This post by was originally published on Business Green.
Tax is one of the most powerful tools the government has at its disposal to address the challenges of the 21st century. In combination with the right regulation, targets and strategies, taxes could be used to shape a sustainable economy, giving people and businesses alike the incentives they need to do the right thing.
But, so far, the government has been hesitant to test the potential of tax for this. Taxes with a positive environmental impact account for only seven per cent of UK tax revenue (the majority coming from fuel duties). And these, in any case, are too often countered by tax breaks that work against the government’s stated environmental aims. In fact, the National Audit Office recently identified five such tax reliefs that together cost the government £17bn in lost revenue each year.

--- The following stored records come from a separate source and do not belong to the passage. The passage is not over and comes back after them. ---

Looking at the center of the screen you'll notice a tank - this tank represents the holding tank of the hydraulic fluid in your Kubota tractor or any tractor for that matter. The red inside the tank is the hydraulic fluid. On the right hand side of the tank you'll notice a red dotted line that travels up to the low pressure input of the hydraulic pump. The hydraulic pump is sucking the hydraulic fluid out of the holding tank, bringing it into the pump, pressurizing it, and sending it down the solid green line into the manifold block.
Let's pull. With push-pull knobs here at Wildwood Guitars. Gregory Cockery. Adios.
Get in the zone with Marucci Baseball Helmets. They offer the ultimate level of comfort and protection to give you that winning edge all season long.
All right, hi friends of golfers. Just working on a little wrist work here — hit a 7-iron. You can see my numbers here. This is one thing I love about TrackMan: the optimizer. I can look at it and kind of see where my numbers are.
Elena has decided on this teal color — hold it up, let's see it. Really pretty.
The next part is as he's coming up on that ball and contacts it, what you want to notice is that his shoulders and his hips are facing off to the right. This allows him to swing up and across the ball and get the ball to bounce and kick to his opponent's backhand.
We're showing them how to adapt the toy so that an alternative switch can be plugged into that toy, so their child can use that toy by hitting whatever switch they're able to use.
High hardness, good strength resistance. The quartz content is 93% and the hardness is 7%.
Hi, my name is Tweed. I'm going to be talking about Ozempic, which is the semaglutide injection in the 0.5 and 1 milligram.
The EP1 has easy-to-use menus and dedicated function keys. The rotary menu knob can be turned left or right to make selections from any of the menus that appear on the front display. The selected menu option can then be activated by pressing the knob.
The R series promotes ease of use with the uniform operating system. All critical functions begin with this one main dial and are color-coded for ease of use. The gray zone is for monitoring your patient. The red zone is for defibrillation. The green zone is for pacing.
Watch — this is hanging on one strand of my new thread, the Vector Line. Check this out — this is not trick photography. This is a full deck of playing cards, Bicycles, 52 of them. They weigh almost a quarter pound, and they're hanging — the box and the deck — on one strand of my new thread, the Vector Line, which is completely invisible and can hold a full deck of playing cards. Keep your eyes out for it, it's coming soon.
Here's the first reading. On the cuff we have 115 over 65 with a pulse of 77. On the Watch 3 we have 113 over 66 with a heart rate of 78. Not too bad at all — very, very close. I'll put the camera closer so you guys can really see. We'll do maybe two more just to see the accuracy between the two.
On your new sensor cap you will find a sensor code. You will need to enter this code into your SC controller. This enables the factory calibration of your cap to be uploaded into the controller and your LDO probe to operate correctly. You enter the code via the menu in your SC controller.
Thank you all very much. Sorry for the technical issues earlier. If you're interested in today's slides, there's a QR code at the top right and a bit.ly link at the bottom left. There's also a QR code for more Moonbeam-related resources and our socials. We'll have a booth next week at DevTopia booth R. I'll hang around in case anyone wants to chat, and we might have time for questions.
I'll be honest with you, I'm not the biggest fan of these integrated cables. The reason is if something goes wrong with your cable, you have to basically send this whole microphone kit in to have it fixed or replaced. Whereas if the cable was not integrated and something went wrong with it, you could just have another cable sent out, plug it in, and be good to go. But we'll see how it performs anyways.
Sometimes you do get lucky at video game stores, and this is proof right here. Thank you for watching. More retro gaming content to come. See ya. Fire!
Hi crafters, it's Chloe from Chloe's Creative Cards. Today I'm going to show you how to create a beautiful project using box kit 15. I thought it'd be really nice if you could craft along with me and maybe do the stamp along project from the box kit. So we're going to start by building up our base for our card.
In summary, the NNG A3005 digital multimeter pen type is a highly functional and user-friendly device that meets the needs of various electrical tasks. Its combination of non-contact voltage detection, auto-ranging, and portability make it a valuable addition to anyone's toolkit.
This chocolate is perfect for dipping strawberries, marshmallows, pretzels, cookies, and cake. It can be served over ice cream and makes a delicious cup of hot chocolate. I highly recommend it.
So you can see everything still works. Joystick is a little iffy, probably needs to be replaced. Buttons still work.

The largest of these perverse subsidies is the reduced rate of VAT on fossil fuel and power for domestic use, which exists on the grounds of preventing fuel poverty. But making it as cheap as possible for everyone across society to burn gas is not a sensible approach: ending the subsidy and protecting the poor through a combination of improving housing stock, helping low income households move to sustainable heating and targeted redistribution would be much more effective. The wrong incentives are found in other ways in the application of VAT. Too often it discourages activities that would lead to a greener, healthier society, like retrofitting buildings or switching to low carbon heating, while encouraging the opposite, a cycle of demolition and new build and the continued burning of subsidised fossil fuels.
And VAT is just one example where the tax system falls short. Too often, the costs of climate change and nature’s decline are not reflected in the price of materials, fuels and products that are driving destruction. In other words, people and businesses are not getting the right financial signals to steer sustainable choices. But, it turns out they’d overwhelmingly like them.
This spring, for our TransformTax project, Green Alliance has been working with the research agency BritainThinks to understand public attitudes to greening the tax system. The representative survey of more than 2,000 people that BritainThinks carried out in March has shown great enthusiasm for the idea: six in ten support the general principles that tax should be used to make environmentally damaging behaviour more expensive and beneficial behaviours less expensive, while only one in ten opposes this approach.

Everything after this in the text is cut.